Especialización. El ejercicio de la diplomacia moderna implica no solo conocimiento, sino especialización. No es lo mismo la diplomacia bilateral que la multilateral. Y si bien el diplomático actual debe estar capacitado para servir en ambos campos, es aconsejable la especialización, por áreas o regiones, de manera que el funcionario diplomático, conforme pase el tiempo, adquiera más destreza en el área de su especialización y pase por distintas experiencias profesionales a lo largo de su carrera.

En el lenguaje coloquial del mundo de las organizaciones internacionales, se habla de la línea Revlon para referirse a los funcionarios que se mueven a sus anchas entre Nueva York, París y Ginebra, con propiedad y conocimiento, en especial en los mandos medios. Algunos llegan a ocupar las jefaturas de misión, antes reservadas a políticos, poetas o para exilios dorados de incómodos contrincantes.

Rotación. Ya no se concibe el diplomático estancado en un solo destino, que terminaba en algunos casos identificándose más con el país en que servía que con el país al que servía, y que visitaba Costa Rica casi siempre de vacaciones. Ni el que hace del exterior su residencia permanente saltando de un país a otro. El diplomático moderno debe rotar del servicio exterior al servicio interno para aportar su conocimiento y ayudar con su experiencia en la formación de nuevos diplomáticos.

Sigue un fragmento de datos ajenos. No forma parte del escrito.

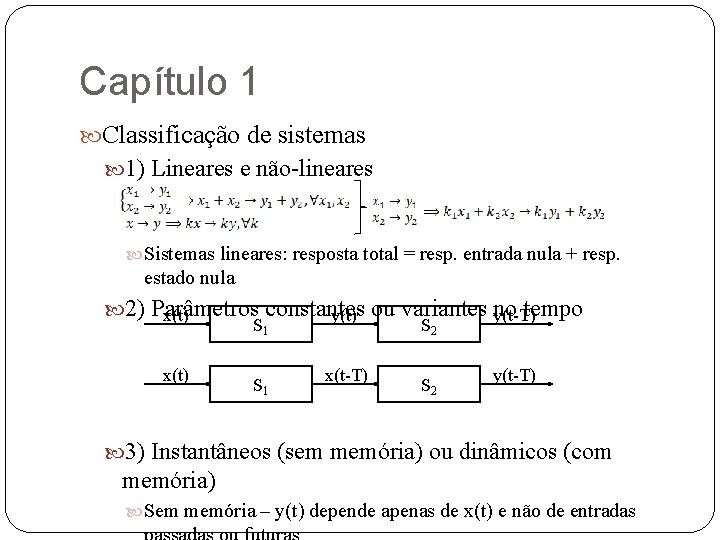 Capítulo 1 Classificação de sistemas 1) Lineares e não-lineares Sistemas lineares: resposta total =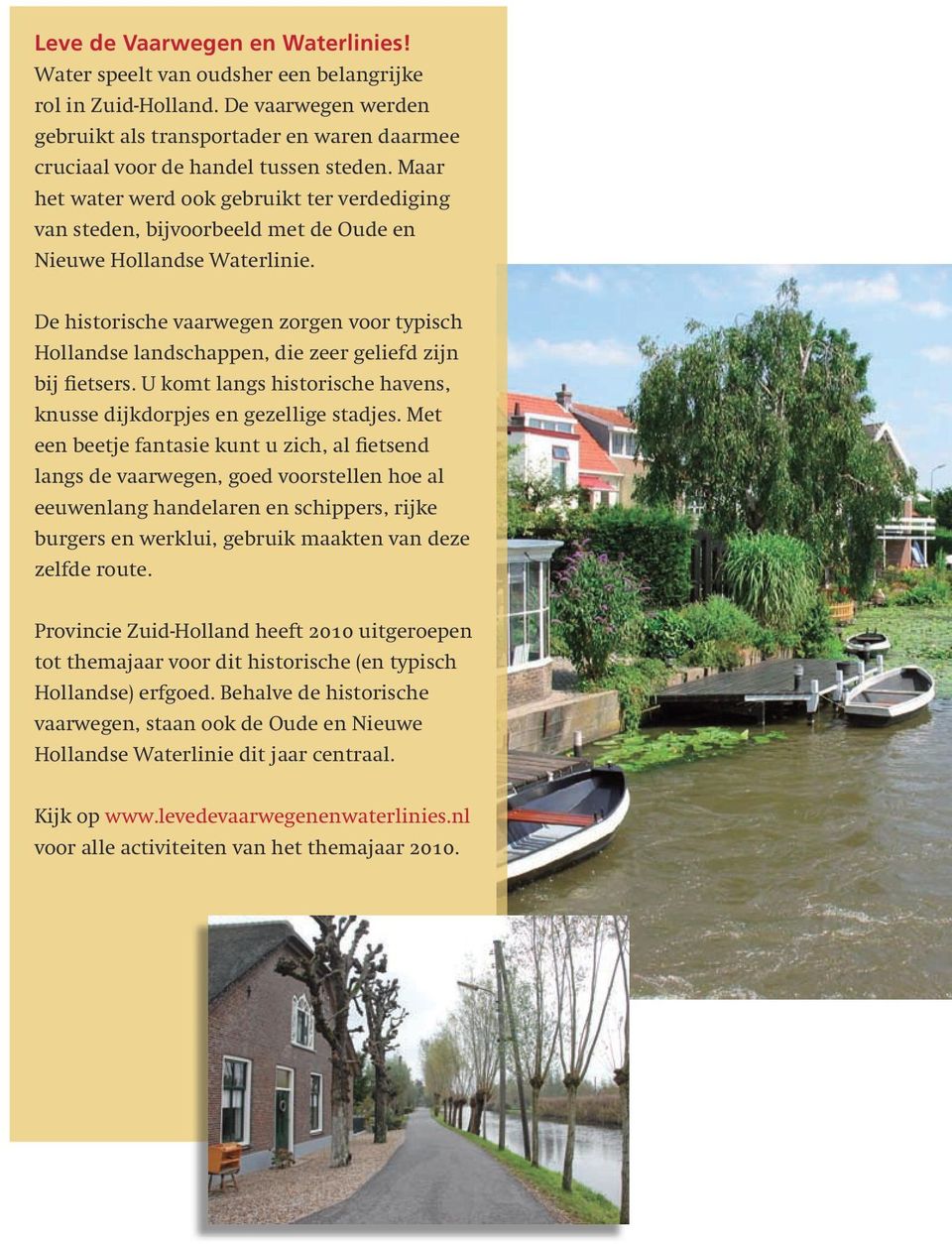 De historische vaarwegen zorgen voor typisch Hollandse landschappen, die zeer geliefd zijn bij fietsers. U komt langs historische havens, knusse dijk dorpjes en gezellige stadjes.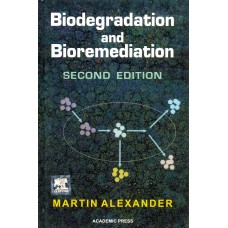 Biodegradation And Bioremediation, [Hardcover]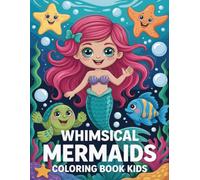 Whimsical Mermaids Coloring Book for Kids: Enchanting Mermaids & Fantasy Friends for Young Dreamers A Magical Way to Relaxation, Creative Expression, and Sweet Dreams.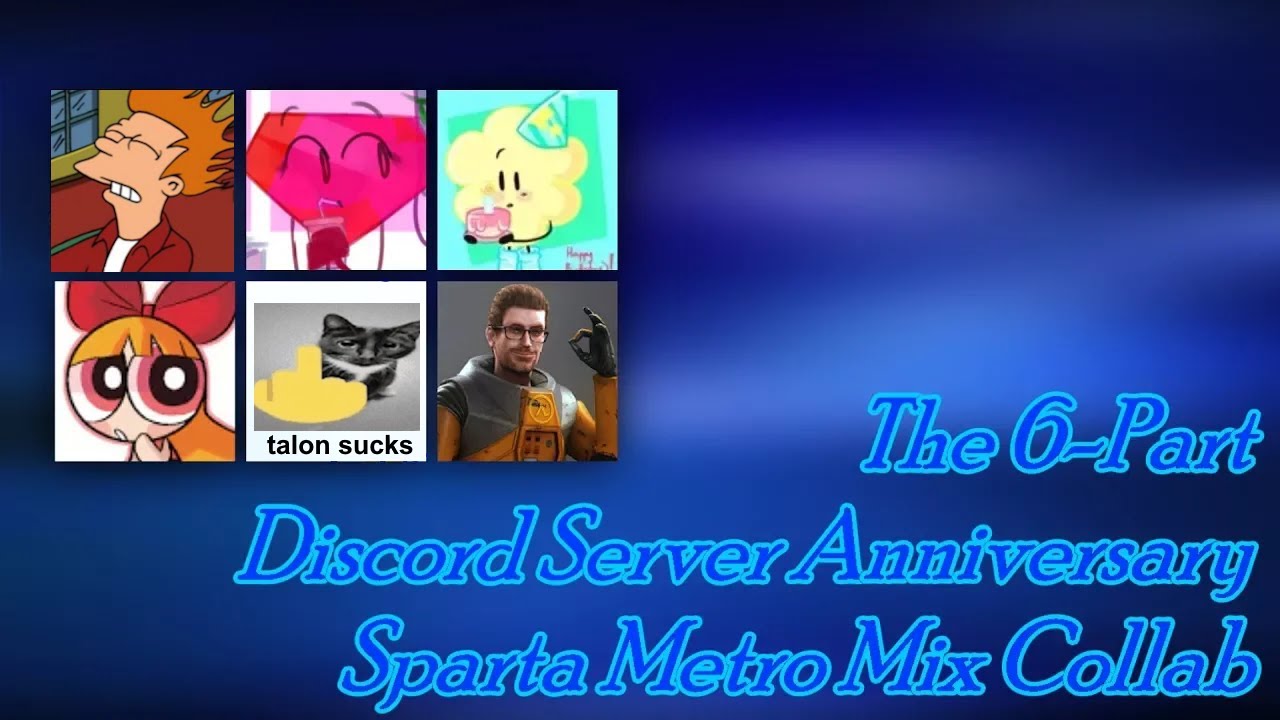 The 6-Part Discord Server Anniversary Sparta Metro Mix Collab - Published on Jul 27, 2017
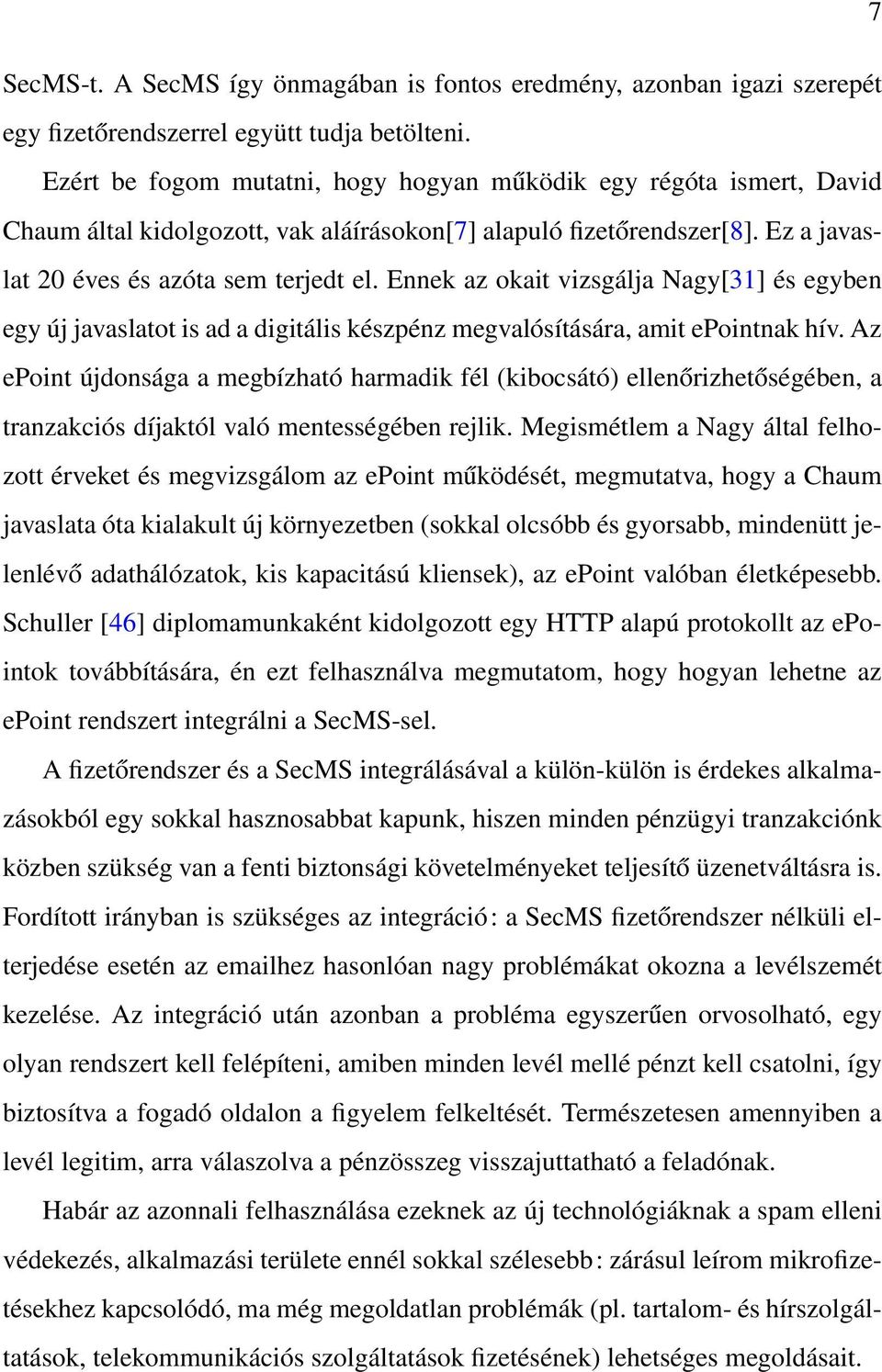 Ennek az okait vizsgálja Nagy[31] és egyben egy új javaslatot is ad a digitális készpénz megvalósítására, amit epointnak hív.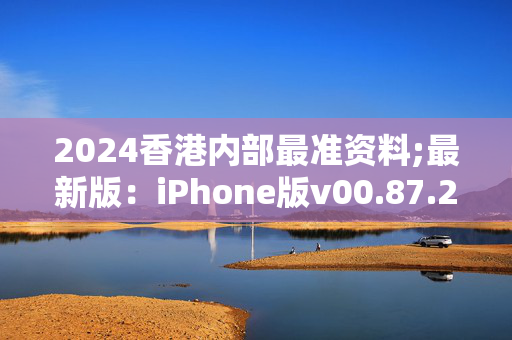 2024香港内部最准资料;最新版：iPhone版v00.87.21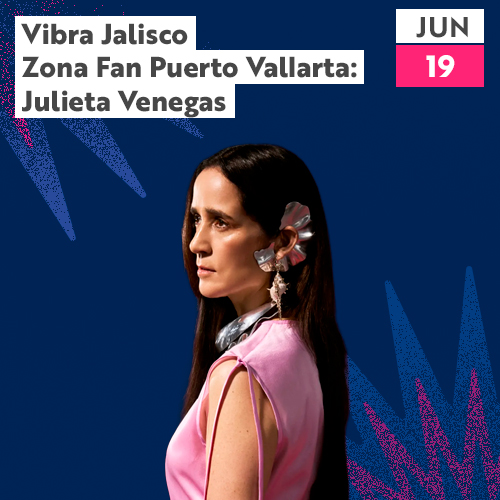 Vibra Jalisco Fan Zone Puerto Vallarta: Julieta Venegas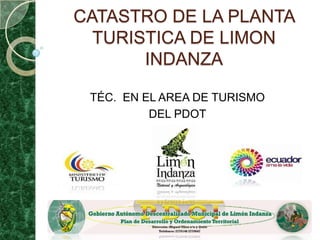 CATASTRO DE LA PLANTA
  TURISTICA DE LIMON
       INDANZA

 TÉC. EN EL AREA DE TURISMO
          DEL PDOT
 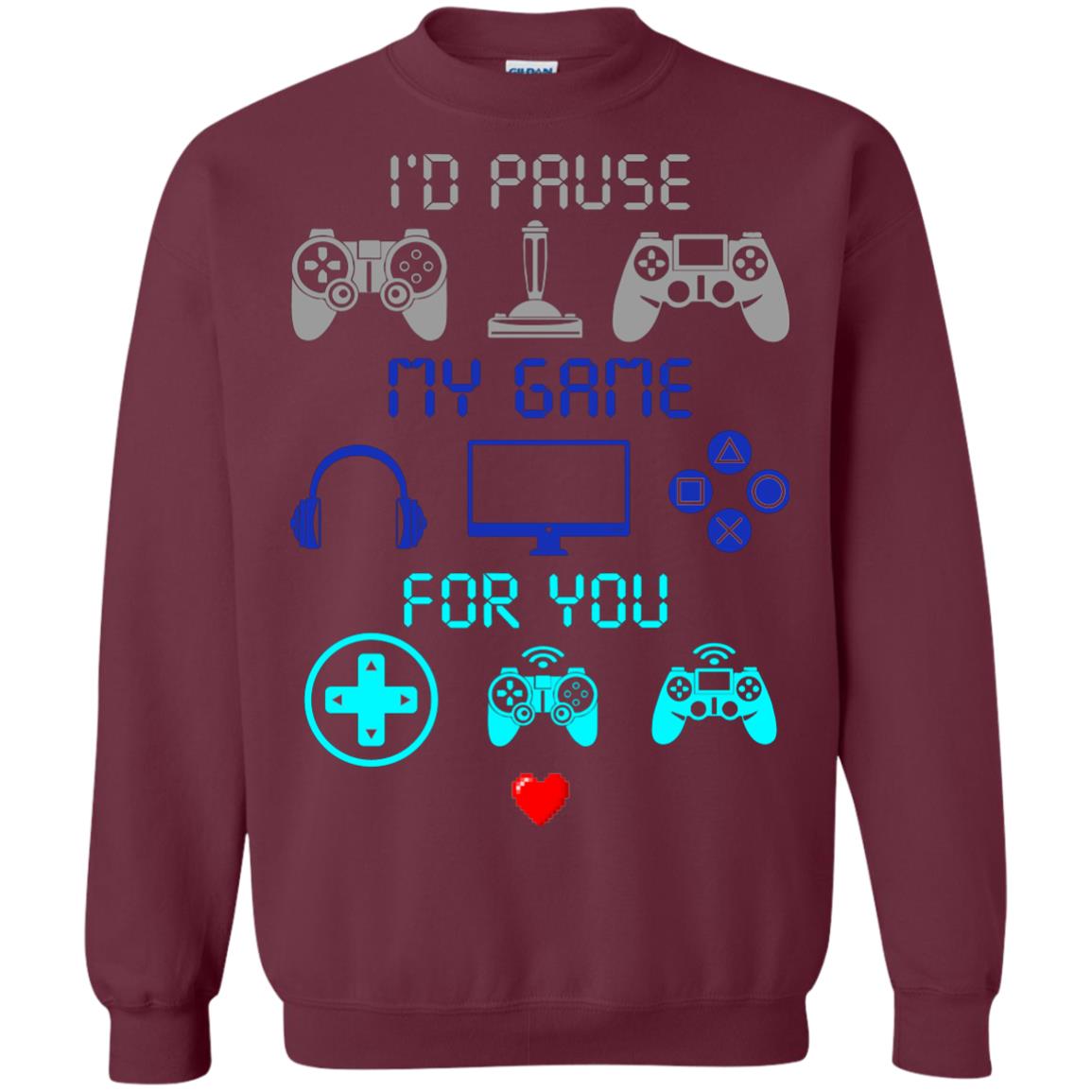Gamer T-shirt I'd Pause My Game For You Maroon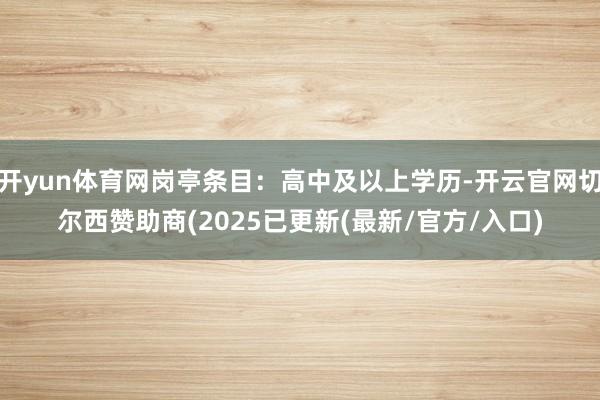 开yun体育网岗亭条目：高中及以上学历-开云官网切尔西赞助商(2025已更新(最新/官方/入口)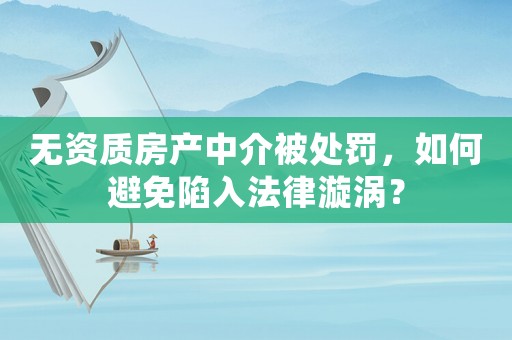 無資質房產中介被處罰，如何避免陷入法律漩渦？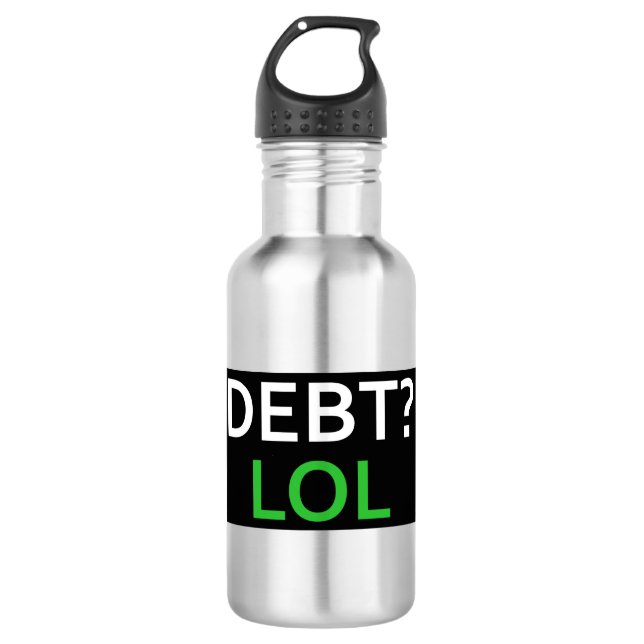 Debt LOL Stainless Steel Water Bottle (Front)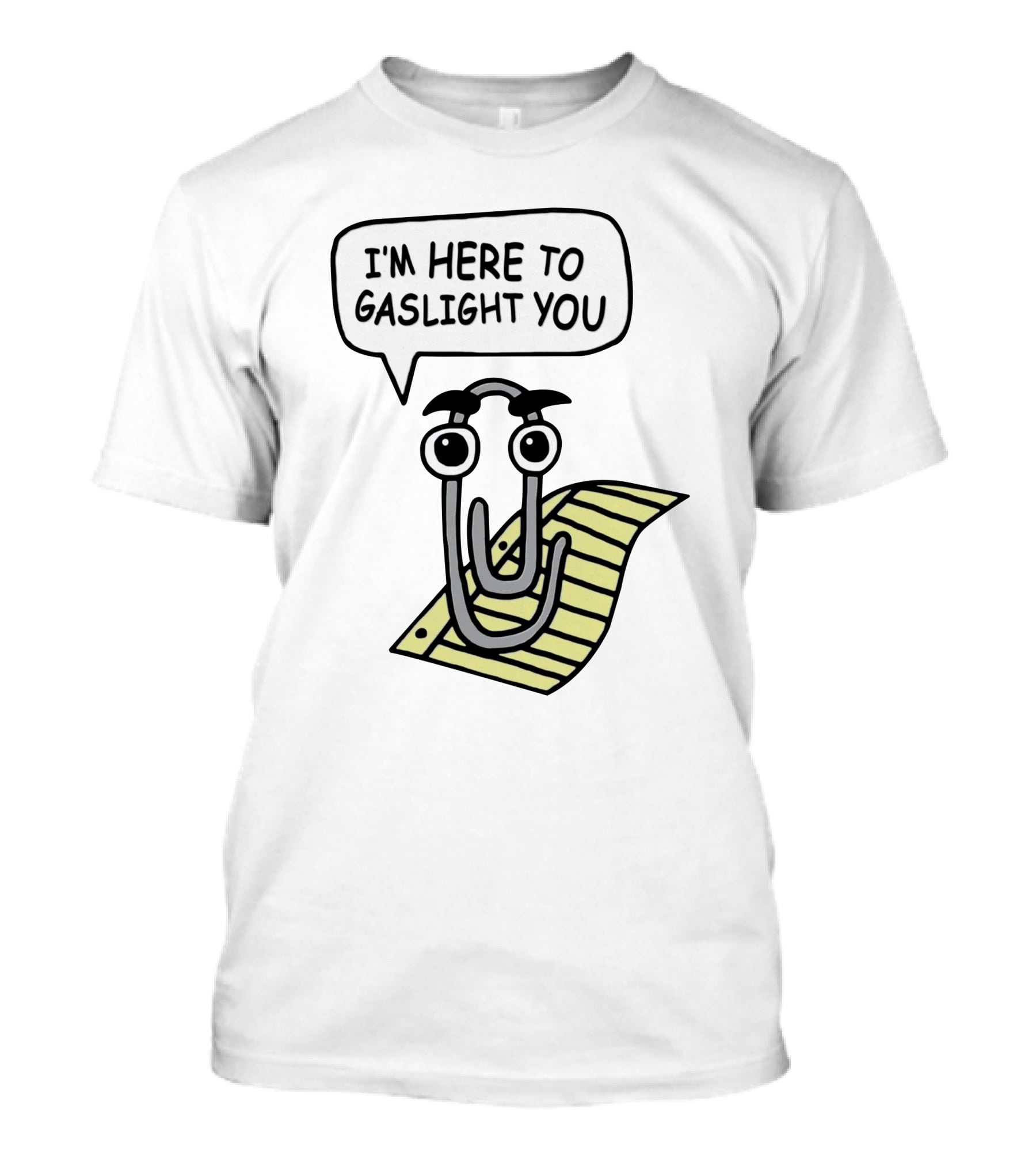 I'm Here To Gaslight You Clippy Meme T-Shirt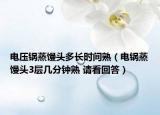 電壓鍋蒸饅頭多長時間熟（電鍋蒸饅頭3層幾分鐘熟 請看回答）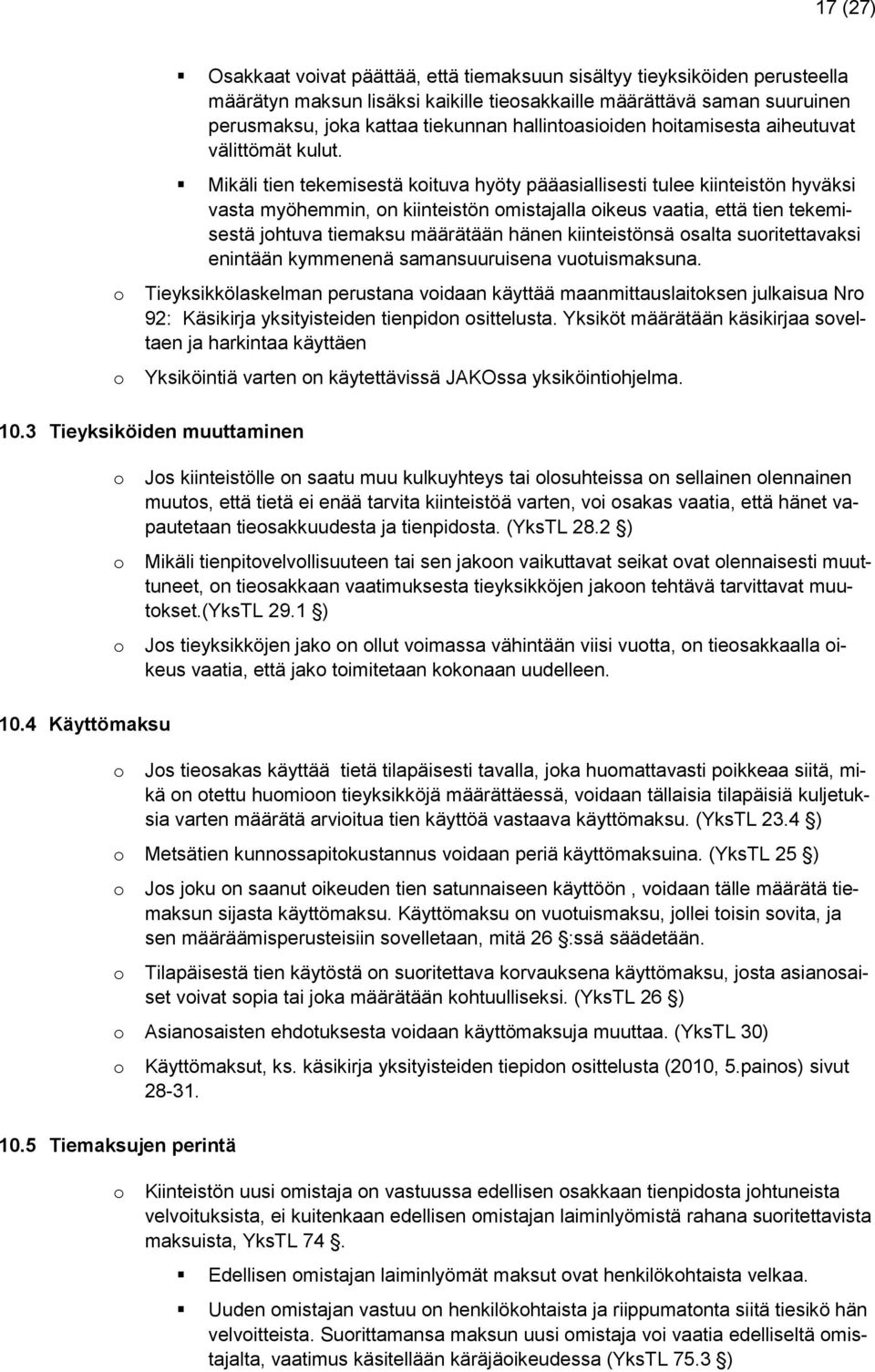 Mikäli tien tekemisestä kituva hyöty pääasiallisesti tulee kiinteistön hyväksi vasta myöhemmin, n kiinteistön mistajalla ikeus vaatia, että tien tekemisestä jhtuva tiemaksu määrätään hänen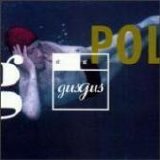 Gus Gus - Polydistortion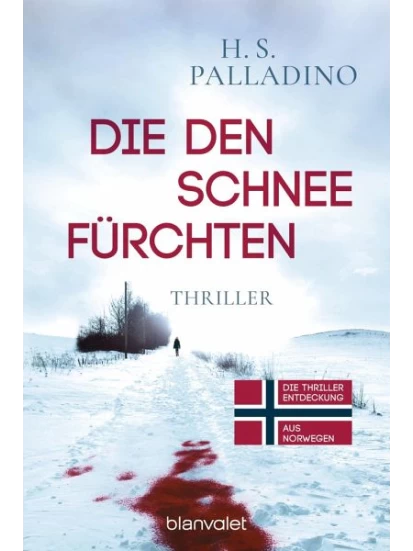 Die den Schnee fürchten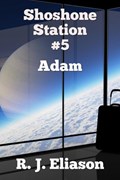 Shoshone Station #5: Adam | R. J. Eliason |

Permanencia. El diplomático debe tener asegurada su permanencia en el servicio, lo que no debe confundirse con inmovilidad en el cargo, pues está sujeto siempre a estrictas normas de conducta, al cumplimiento de las instrucciones recibidas y al ejercicio digno de su cargo, no solo haciéndolo con eficacia, como es su deber, sino con el decoro debido y el respeto a las normas legales, reglamentarias y protocolarias respectivas. No cumplir con ello constituye causa grave para su destitución.

¿Cómo designar? Si el país tiene, como la tiene ya, una carrera diplomática adecuada, que garantiza la eficiencia y acaba con la improvisación del pasado, el debate sobre la designación de los embajadores se traslada a otro nivel. ¿Deben ser todos de carrera, de libre elección, o debe haber un sistema de designación mixta? ¿Deben los embajadores ser designados solo por el Poder Ejecutivo o conviene un sistema de competencias compartidas, en que el Ejecutivo propone y el Legislativo aprueba? ¿Cuál es el ideal?

Algunos países han adoptado el sistema de la designación limitado a los funcionarios de carrera, con muy pocas excepciones (Chile, Brasil, España); otros, la libre designación (Costa Rica), y otros, la de cuotas, no necesariamente fijas, pero balanceadas entre embajadores de carrera y designados políticos (Estados Unidos), lo cual pareciera ser el sistema más adecuado a nuestras circunstancias. Pero en esta, como en las anteriores administraciones, se ha notado una mayor preferencia por la designación política, y, por qué no decirlo abiertamente, de empresarios, políticos y politólogos, en demérito de los embajadores de carrera.

En cuanto al ejercicio de competencias compartidas (Estados Unidos o Perú), es un tema que en nuestro país, aunque se ha planteado, está sujeto a una reforma constitucional de los artículos 140, inciso 12, y 147, inciso 3), lo cual posiblemente sería ilusorio alcanzar a corto plazo, aunque resulte sano, pues ciertamente el embajador representa a su Estado, aunque sea designado por el Ejecutivo. No se es embajador del presidente tal o cual, como algunos acostumbran decir, no sin cierto grado de petulancia e ignorancia, sino de Costa Rica.

Tal vez la llegada de un ministro como Manuel González, con experiencia, buenas intenciones y preocupado por el buen funcionamiento de nuestra diplomacia, permita que mediante reformas al Estatuto del Servicio Exterior, y no sólo por vía de decreto, algunas de esas metas se puedan lograr.

El ideal sería que los funcionarios ingresaran a la carrera sólo una vez aprobados los cursos del Instituto de Servicio Exterior Manuel María de Peralta, lo que constituiría el mejor homenaje que esta administración pudiera rendir a don Rodrigo Madrigal, uno de los mentores políticos del actual presidente, Luis Guillermo Solís.

El autor es exdirector del Instituto de Servicio Exterior.